Home Cosmetic Science Talk Formulating hydrophobically treated glass for w/o emulsion

  • hydrophobically treated glass for w/o emulsion

    Posted by natchemist on September 14, 2024 at 12:04 pm

    Hello everyone, I’ve been reading this forum for years and can’t express how useful it has been for my career. I have a question regarding packaging for w/o emulsions. I recently read that w/o emulsions with high water content such as water-breaking (or water-drop) emulsions require a hydrophobically treated inner wall if using glass jars. It’s my understanding that typically, glass jars have a hydrophilic inner wall which is not ideal for these kinds of emulsions. However, I’m not clear on what is the reason for this requirement. Is instability expected to happen? and can this happen also in polypropylene? I do have seen a couple of my formulations gliding on the bottom of the beaker in a strange way and eventually pooling when transferred into glass jars, specifically in air pockets between the formulation and the glass wall. However, I’ve also seen this happening in polypropylene specimen cups.

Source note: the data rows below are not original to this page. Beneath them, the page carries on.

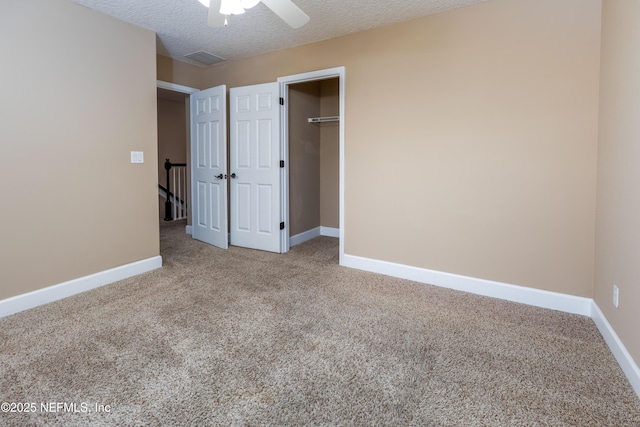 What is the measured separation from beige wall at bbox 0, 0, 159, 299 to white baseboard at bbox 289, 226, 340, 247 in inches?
71.8

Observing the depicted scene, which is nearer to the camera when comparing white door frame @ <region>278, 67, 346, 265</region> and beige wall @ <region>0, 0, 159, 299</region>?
beige wall @ <region>0, 0, 159, 299</region>

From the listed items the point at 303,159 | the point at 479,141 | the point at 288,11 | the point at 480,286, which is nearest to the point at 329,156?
the point at 303,159

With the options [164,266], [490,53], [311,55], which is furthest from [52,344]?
[490,53]

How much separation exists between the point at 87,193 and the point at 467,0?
3.58m

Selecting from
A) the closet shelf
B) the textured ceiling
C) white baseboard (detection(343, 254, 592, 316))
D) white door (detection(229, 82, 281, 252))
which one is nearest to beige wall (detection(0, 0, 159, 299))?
the textured ceiling

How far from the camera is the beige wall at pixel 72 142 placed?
245 cm

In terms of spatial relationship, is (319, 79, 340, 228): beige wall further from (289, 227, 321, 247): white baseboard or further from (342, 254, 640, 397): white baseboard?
(342, 254, 640, 397): white baseboard

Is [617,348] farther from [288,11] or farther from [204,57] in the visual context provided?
[204,57]

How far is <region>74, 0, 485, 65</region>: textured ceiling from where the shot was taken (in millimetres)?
2773

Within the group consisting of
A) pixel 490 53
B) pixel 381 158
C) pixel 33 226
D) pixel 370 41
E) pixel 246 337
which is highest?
pixel 370 41

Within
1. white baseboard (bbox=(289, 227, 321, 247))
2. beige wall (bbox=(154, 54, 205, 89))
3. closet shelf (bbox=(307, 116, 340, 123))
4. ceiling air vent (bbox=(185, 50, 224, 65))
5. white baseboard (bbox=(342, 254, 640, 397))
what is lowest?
white baseboard (bbox=(342, 254, 640, 397))

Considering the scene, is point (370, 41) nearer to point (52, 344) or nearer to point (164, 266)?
point (164, 266)

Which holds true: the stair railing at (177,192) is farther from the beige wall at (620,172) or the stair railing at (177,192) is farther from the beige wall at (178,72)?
the beige wall at (620,172)

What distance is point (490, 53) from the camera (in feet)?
8.87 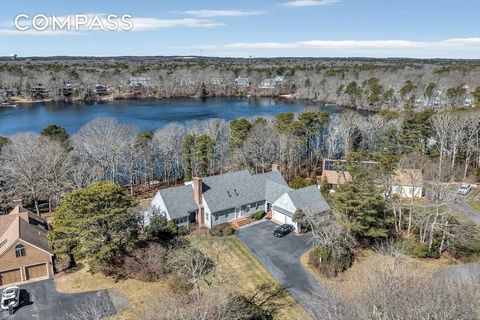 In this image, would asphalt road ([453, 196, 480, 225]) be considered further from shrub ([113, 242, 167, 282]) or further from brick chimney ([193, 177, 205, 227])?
shrub ([113, 242, 167, 282])

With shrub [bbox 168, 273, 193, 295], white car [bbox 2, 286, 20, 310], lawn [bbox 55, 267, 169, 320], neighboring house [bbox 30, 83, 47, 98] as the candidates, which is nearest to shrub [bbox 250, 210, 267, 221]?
shrub [bbox 168, 273, 193, 295]

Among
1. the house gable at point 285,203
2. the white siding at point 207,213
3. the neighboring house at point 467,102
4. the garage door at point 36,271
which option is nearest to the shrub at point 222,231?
the white siding at point 207,213

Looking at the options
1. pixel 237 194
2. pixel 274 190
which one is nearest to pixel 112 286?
pixel 237 194

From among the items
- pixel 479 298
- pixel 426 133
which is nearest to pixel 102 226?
pixel 479 298

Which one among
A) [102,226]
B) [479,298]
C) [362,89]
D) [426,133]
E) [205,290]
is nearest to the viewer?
[479,298]

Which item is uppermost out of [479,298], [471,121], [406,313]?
[471,121]

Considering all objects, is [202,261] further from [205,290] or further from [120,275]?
[120,275]

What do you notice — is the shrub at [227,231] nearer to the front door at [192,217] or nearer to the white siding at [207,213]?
the white siding at [207,213]

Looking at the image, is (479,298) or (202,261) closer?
(479,298) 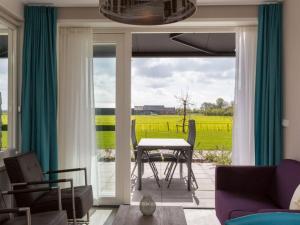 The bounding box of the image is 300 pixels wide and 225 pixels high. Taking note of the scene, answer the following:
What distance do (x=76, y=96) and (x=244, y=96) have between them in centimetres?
217

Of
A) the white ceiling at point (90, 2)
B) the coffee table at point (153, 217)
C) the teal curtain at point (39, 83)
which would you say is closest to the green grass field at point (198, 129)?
the teal curtain at point (39, 83)

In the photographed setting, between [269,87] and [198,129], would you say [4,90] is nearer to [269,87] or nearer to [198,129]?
[269,87]

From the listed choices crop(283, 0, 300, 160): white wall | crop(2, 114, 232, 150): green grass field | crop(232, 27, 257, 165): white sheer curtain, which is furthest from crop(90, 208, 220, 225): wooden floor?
crop(2, 114, 232, 150): green grass field

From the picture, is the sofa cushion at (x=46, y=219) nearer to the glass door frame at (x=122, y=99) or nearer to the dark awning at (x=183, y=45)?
the glass door frame at (x=122, y=99)

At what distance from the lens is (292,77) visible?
11.3 feet

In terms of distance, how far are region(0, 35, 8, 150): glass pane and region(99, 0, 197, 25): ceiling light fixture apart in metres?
2.09

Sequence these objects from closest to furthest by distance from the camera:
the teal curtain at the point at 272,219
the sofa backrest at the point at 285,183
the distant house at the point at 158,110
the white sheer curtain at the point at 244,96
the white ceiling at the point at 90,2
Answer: the teal curtain at the point at 272,219 < the sofa backrest at the point at 285,183 < the white ceiling at the point at 90,2 < the white sheer curtain at the point at 244,96 < the distant house at the point at 158,110

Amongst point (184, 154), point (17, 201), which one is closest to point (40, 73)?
point (17, 201)

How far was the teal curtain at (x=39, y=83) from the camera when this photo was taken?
12.5 feet

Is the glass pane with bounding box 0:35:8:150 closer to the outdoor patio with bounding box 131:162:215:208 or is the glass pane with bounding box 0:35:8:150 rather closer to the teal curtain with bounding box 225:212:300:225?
the outdoor patio with bounding box 131:162:215:208

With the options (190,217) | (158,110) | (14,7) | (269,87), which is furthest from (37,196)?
(158,110)

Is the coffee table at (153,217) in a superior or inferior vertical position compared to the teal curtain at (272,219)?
inferior

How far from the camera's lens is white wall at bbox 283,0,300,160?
331 centimetres

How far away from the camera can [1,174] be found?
3334mm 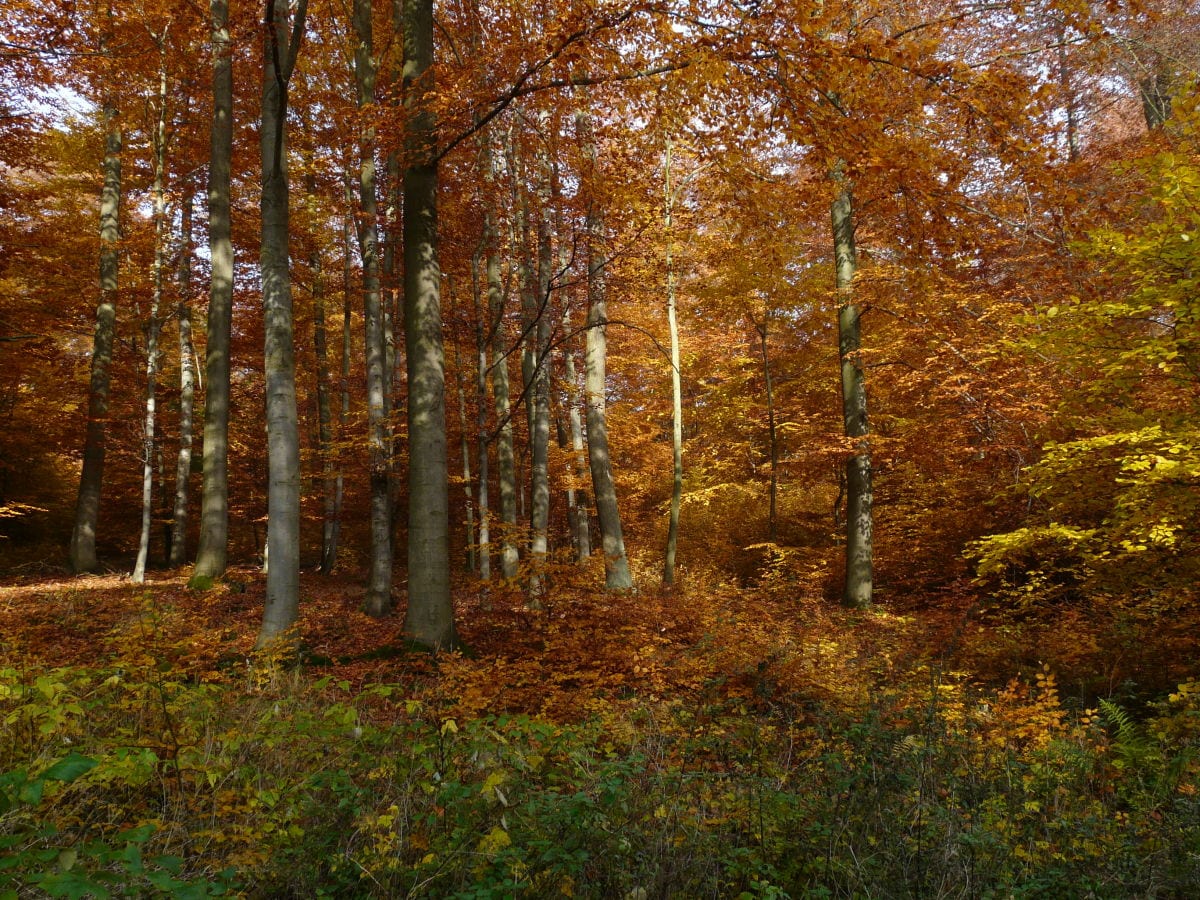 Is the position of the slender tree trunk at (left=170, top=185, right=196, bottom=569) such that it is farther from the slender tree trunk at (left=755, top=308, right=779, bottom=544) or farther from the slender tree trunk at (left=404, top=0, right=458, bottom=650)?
the slender tree trunk at (left=755, top=308, right=779, bottom=544)

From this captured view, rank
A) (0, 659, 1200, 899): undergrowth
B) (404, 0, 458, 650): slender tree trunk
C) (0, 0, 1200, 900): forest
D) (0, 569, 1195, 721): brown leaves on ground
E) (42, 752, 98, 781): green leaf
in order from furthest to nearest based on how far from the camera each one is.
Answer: (404, 0, 458, 650): slender tree trunk, (0, 569, 1195, 721): brown leaves on ground, (0, 0, 1200, 900): forest, (0, 659, 1200, 899): undergrowth, (42, 752, 98, 781): green leaf

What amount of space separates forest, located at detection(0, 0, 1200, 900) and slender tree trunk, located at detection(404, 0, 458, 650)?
0.18ft

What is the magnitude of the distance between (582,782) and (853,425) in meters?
10.1

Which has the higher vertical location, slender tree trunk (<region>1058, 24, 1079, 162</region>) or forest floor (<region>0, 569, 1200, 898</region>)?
slender tree trunk (<region>1058, 24, 1079, 162</region>)

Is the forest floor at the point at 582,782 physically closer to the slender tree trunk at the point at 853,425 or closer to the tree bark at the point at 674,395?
the slender tree trunk at the point at 853,425

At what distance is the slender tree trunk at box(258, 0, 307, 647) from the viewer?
7496 millimetres

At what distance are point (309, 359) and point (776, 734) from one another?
20007 millimetres

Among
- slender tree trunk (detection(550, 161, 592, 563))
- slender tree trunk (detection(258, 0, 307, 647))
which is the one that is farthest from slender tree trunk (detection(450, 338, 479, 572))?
slender tree trunk (detection(258, 0, 307, 647))

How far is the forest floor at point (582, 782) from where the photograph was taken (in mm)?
2672

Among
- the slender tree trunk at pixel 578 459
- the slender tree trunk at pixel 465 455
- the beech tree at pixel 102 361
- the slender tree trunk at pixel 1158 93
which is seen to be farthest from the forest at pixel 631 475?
the slender tree trunk at pixel 1158 93

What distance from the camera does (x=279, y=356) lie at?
7.75 meters

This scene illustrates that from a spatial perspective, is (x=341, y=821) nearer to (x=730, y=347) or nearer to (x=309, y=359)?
(x=730, y=347)

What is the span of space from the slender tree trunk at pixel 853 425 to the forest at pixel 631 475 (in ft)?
0.24

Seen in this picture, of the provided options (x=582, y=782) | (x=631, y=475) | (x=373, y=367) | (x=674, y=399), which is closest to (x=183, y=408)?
(x=373, y=367) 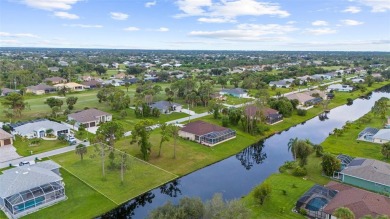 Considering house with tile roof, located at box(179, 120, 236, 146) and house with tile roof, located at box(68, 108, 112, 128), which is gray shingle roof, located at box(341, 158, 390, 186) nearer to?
house with tile roof, located at box(179, 120, 236, 146)

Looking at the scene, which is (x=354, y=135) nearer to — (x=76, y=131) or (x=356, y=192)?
(x=356, y=192)

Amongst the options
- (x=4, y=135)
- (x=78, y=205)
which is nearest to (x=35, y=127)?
(x=4, y=135)

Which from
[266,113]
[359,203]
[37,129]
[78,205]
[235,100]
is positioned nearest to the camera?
[359,203]

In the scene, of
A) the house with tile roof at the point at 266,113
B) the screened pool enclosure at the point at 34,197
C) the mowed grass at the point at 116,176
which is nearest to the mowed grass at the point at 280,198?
the mowed grass at the point at 116,176

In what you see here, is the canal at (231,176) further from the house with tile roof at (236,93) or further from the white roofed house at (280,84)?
the white roofed house at (280,84)

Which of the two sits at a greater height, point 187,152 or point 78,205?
point 187,152

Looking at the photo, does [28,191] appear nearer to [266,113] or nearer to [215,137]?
[215,137] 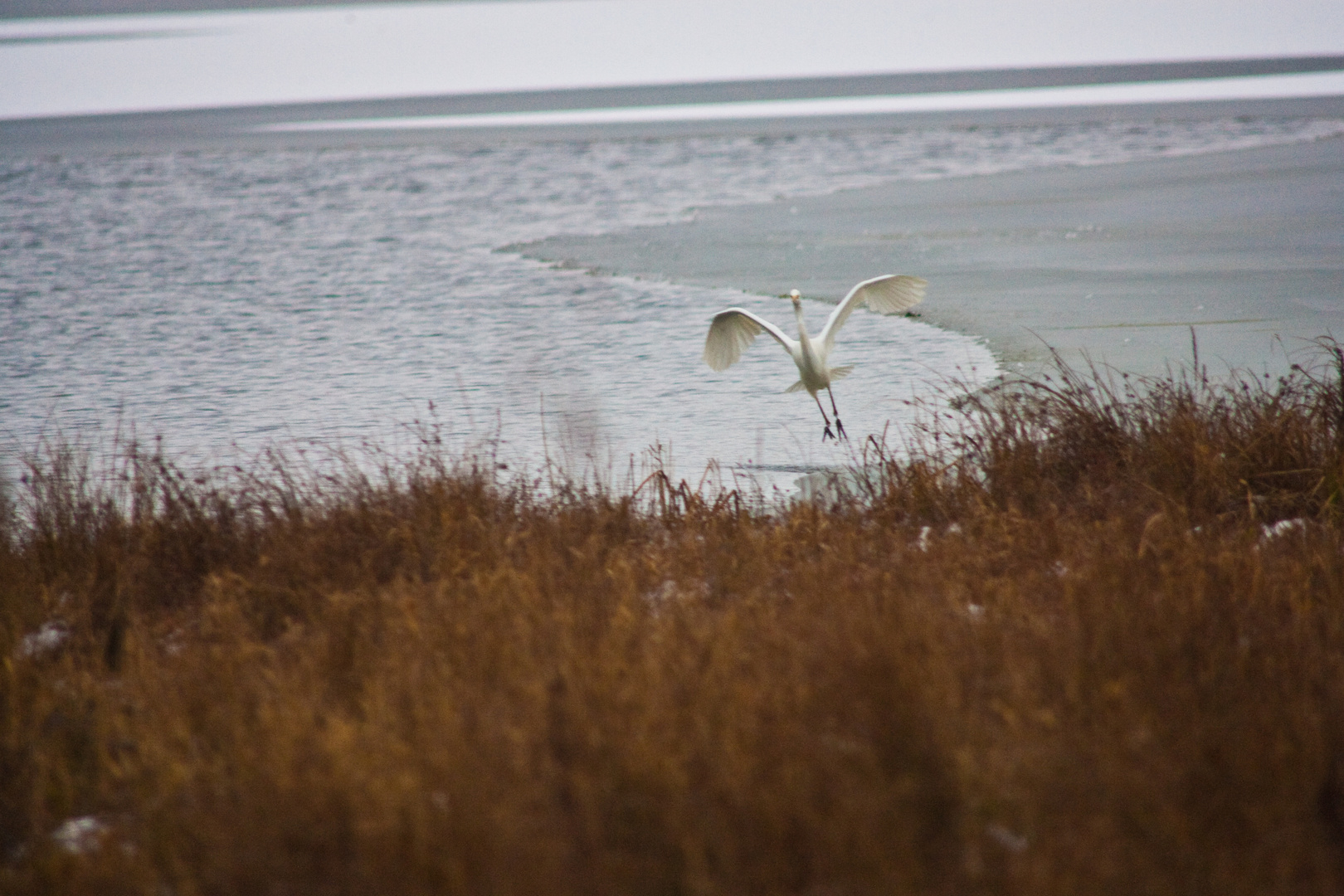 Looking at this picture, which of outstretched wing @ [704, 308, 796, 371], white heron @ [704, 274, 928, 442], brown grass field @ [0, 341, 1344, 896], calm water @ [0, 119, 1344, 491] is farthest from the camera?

    chemicalmatt replied 2 months ago 2 Members · 1 Reply
  • 1 Reply
  • chemicalmatt

    Member
    September 20, 2024 at 2:59 pm

    Basically all w/o are not thermodynamically stable but “metastable.” Packaging into PP or HDPE should not affect this too much. The glass wall thing is a mystery to me. I have never seen that but I have seen inversion of w/o emulsions on Tygon transfer hoses, which are silicone based, but only when warm. Must be some tribology effect there we don’t often see? Try cooling the glass jar first to see what happens.